By Kathryn Kelman/editor-in-chief
Robin Hood arrived just in time to win a place among 2018’s worst films. And there are no hilarious, singing men in tights to help smooth over all the bad.
It’s the umpteenth version of the heroic outlaw’s story, once more taking on the merry man but this new Robin, played by Taron Egerton, is so bad he makes viewers long for Errol Flynn’s dashing, definitive 1938 swashbuckler. Audiences would even settle for Sinatra in Robin and the 7 Hoods (1964) or even the farcical Mel Brooks parody, Robin Hood: Men in Tights (1993).
Anything but this.
But it’s not Egerton’s fault. He’s so good in the Kingsman films, but when it comes to the man in the hood, he’s buried under a script that squashes all the actors. It’s the lawman, in a ploy to steal Robin’s riches, who sends spoiled, bratty Sir Robin of Loxley away from Marian (Eve Hewson), the maid he’s bonking, and off to fight the Crusades in Arabia.

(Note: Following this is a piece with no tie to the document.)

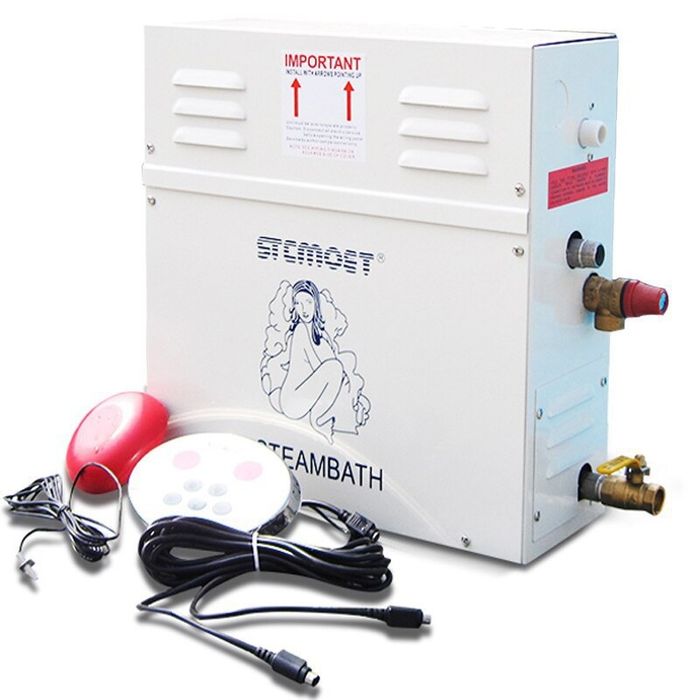 Парогенератор от3 - до18 КВТ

Even Jamie Foxx, who plays Yahya, an Islamic warrior who helps Robin, can’t save this film.
Equally as bad are the action scenes as director Otto Bathurst channels Guy Ritchie. Every arrow hits an artery and every explosion sounds like a bomb. The Iraq war parallels are meant to seem modern, but they don’t fit in this time period or this hero’s tale.
The plot is also terrible despite there being so many options of Robin’s origin story. It kicks in when “The Hood,” Robin’s new name, returns home to Nottingham after four years to find his manor ransacked, the sheriff stealing from the poor and Marian in the bed of Will Scarlet, a rabble-rouser played by Jamie Dornan of the Fifty Shades franchise.

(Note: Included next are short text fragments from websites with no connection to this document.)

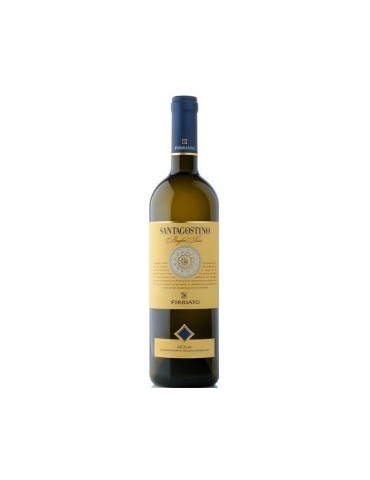 Santagostino Firriato Bianco 2022 - 0,75 lt.  ( NON DISPONIBILE )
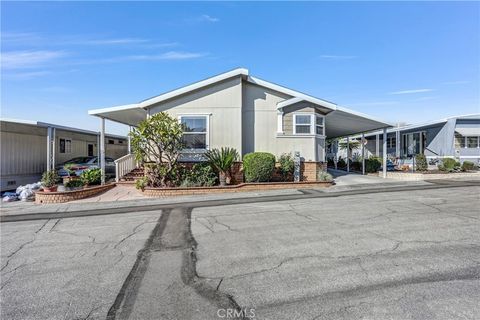 3530 Damien 83 La Verne CA 91750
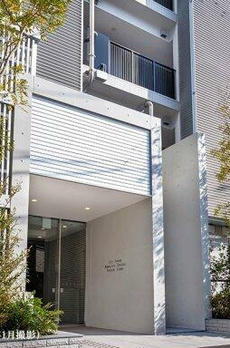 シティタワー駒沢大学ステーションコート 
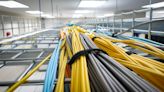 Hermitage, Pa., Getting Fiber-Optic Connectivity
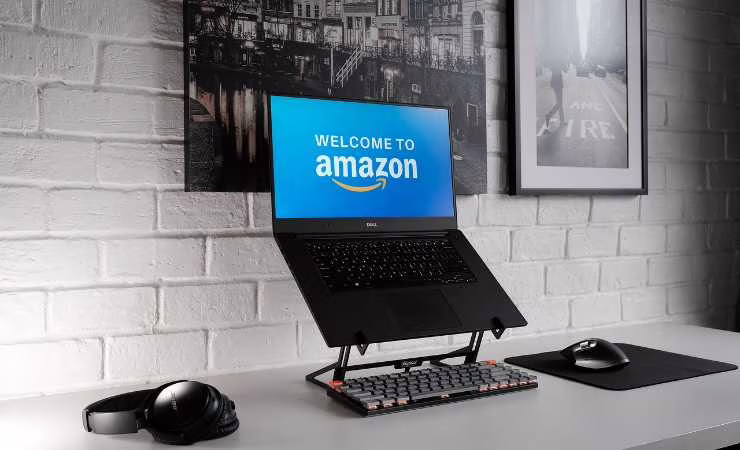 Amazon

Dornan and Hewson have zero chemistry, so it’s hard to understand why Robin gets so worked up about them hooking up. But with no sex in his future, the title character leaps into chaos with his new bestie Yahya, who’s now known as Little John to further fuel the origin story.
The film is also cluttered with countless backstories, including one for Friar Tuck (Tim Minchin). Meanwhile, F. Murray Abraham shows up as a cardinal to underscore the avarice of the Catholic Church. And did you know that the sheriff, as a boy, had been diddled by priests?
Not sure why that needed to be included other than to add relevance to the old tale, another issue throughout the film. Unfortunately the more Robin Hood strives for relevance, the more it seems hopelessly old-hat.
Friar Tuck begins the movie with a directive to “forget history, forget what you think you know, forget what you’ve heard before.”
I wish I could forget this movie. You’d be better off remembering not to waste your cash on it.